== SUPPLIED INFORMATION ==
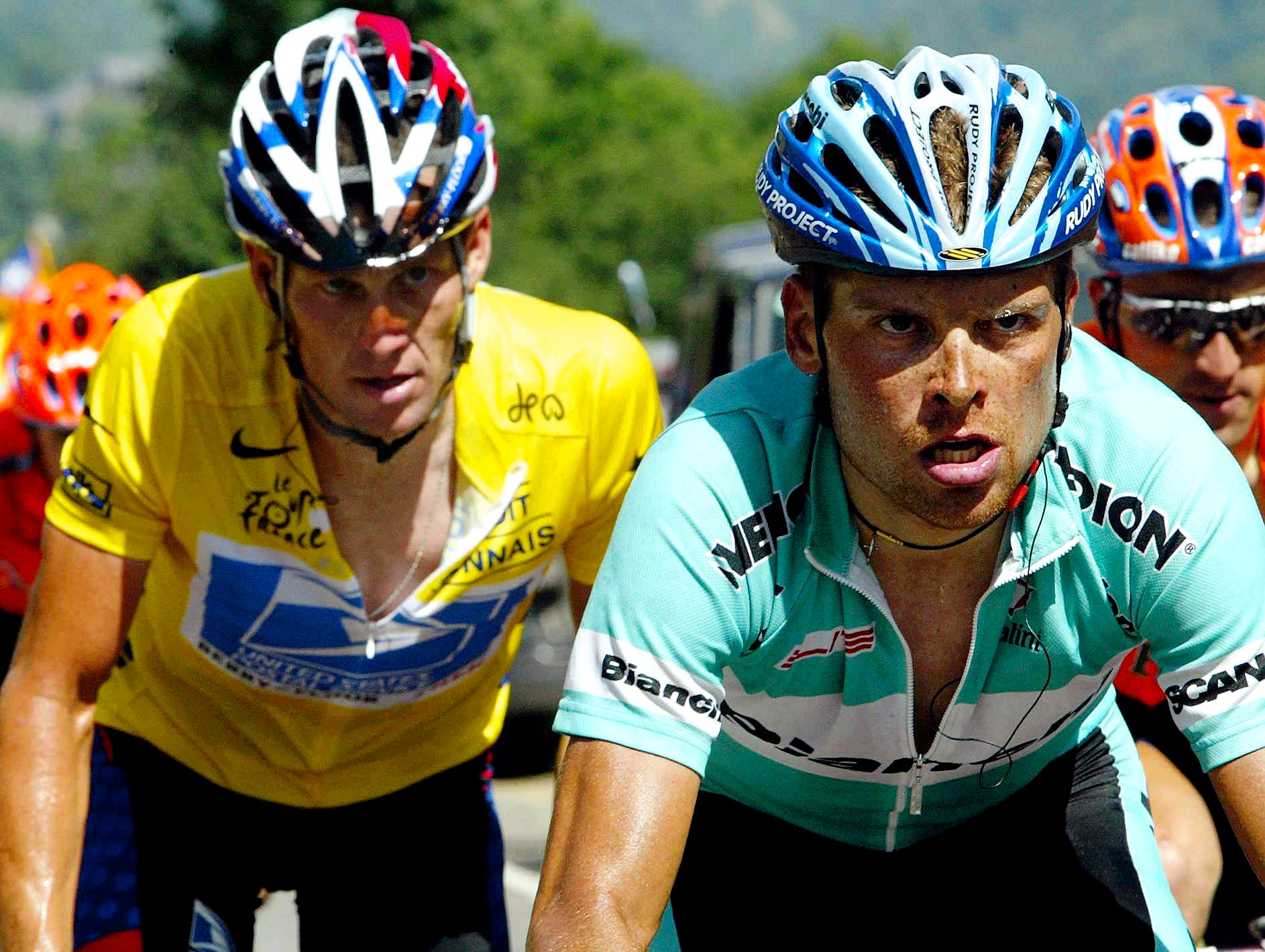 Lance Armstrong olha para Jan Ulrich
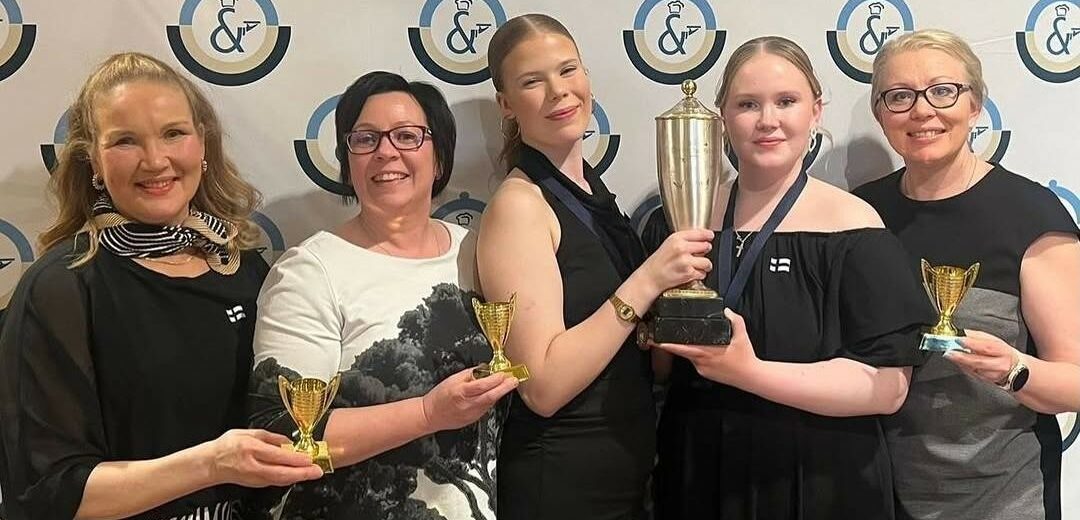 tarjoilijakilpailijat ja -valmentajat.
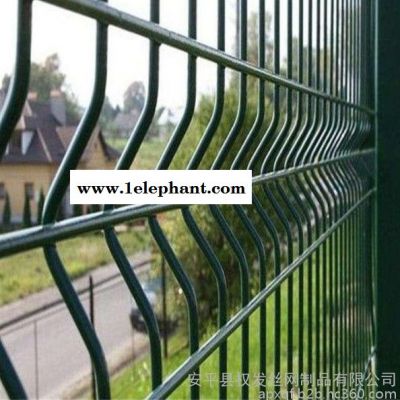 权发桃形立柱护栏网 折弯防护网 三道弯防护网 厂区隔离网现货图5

== TASK DESCRIPTION ==
Leave the pictures out. Otherwise, output the listing above exactly.

== TASK RESPONSE ==
 Lance Armstrong olha para Jan Ulrich
 tarjoilijakilpailijat ja -valmentajat.
 权发桃形立柱护栏网 折弯防护网 三道弯防护网 厂区隔离网现货图5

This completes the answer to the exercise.